Della Valle stated that Vodafone’s results had “not been good enough” and called for change in the organization. “My priorities are customers, simplicity, and growth,” she said. The focus will be on streamlining and simplifying its operations to regain competitiveness with a new approach.
Vodafone reported a 1.3% drop in its full-year earnings, amounting to £12.8 billion, which missed its own guidance. The company‘s performance was especially dismal in its largest market, Germany, as well as Spain and Italy. The business’s growth is expected to remain stagnant in the upcoming year, according to Della Valle.
These job cuts come as no surprise as the company had already been working towards a €1 billion cost-saving plan under previous CEO Nick Read. The plan focused on driving efficiencies, improving products, and digitizing services, which would naturally lead to some job losses. Since then, Vodafone has already made job cuts in markets such as Germany and the UK.

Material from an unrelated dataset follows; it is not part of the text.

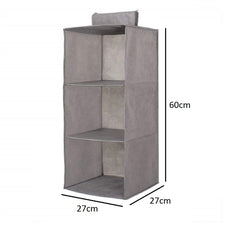 SYGA 3 Layer Hanging Storage Box Wardrobe Room Storage Clothing Sweaters Shoes Accessories Storage(Cream)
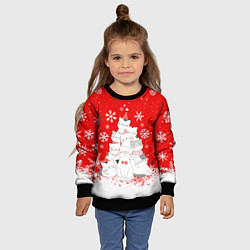 Свитшот детский КОТОЁЛКА на новый год, цвет: 3D-черный — фото 2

Della Valle replaced Read as interim CEO in December last year after investors expressed concerns over the company’s declining share price. Her position was made permanent in the following month, as she convinced the investors that she was prepared to make the necessary changes to improve the business.
Kester Mann, an industry analyst for CCS Insight, commented, “It’s a long road back for Vodafone after years on the slide. But the vision of a leaner, simpler, and more efficient organization is the right one, and the move to axe thousands of jobs shows Della Valle is not afraid to make difficult decisions.”
In the context of a potential merger between Vodafone UK and Three UK, Della Valle shared that discussions were still ongoing and no decision had been made yet. Such a merger would be of interest to investors but could face scrutiny from regulators.
In addition to Vodafone’s strategic plan, other news includes the sale of Wind Tre’s majority stake in its network assets to EQT, a roaming agreement between Rakuten Mobile and KDDI, and the CMA’s approval of Viasat’s acquisition of Inmarsat. These developments are expected to shape the UK telecoms market in the coming years, and industry stakeholders will continue to discuss and analyze their potential impact at events such as the 2023 Connected Britain conference.